Lucy Nicholson 2010/11


I was awarded a Lisa Ullmann scholarship in 2010 to work in South Africa alongside fellow dance artist Helen Linsell with Dance For All, a not for profit organisation in Cape Town that offers high quality training to participants living in several of the surrounding townships, often living in extremely challenging and unstable socio-economic environments.


The experience was one that has touched my career for years since and taught me many things including the capacity positive facilitation has in creating community, the value of creativity in supporting agency and the finely tuned balancing act that delivering successful dance projects requires when artistic quality and participant experience remain equally and fundamentally important.

I am so thankful for the opportunity this scholarship provided to gain a global perspective on an uncompromising part of my practice – the participant experience is key.

I returned from South Africa to a role lecturing on the BA (Hons) Dance Performance & Teaching degree at the University of Central Lancashire – UCLan. In 2013 I became the course leader while continuing to develop my practice working with those considered marginalised and became the movement director of a creative writing and performance project called Reading The World, working in partnership with UCLan’s School of Social Work, with adults in recovery.

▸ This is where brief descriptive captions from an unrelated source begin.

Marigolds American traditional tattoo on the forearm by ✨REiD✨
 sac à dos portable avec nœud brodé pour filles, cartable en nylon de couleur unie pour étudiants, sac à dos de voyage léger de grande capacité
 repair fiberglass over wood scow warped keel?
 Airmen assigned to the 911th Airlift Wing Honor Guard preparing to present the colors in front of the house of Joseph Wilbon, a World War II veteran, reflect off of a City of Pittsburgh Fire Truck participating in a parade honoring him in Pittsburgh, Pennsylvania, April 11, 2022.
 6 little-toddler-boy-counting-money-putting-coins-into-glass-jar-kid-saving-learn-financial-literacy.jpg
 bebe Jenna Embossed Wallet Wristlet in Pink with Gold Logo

I often feel connected to the work I did with Dance For All during this project, not because of the context but because of the single simple thread that runs through both; the power of valuing a contribution no matter how small, no matter how seemingly insignificant.

The heart of our work with UCLanDance remains very rooted in our passion to value creativity, to ensure our students are equipped with the skills to positively facilitate underpinned by an approach that prioritises community over competition and the autonomy to build one’s own career. My career continues to passionately develop socially inclusive movement projects with participants and I work closely with a Laban-Bartenieff approach to support this work.

I am so thankful for the opportunity this scholarship provided to gain a global perspective on an uncompromising part of my practice – the participant experience is key.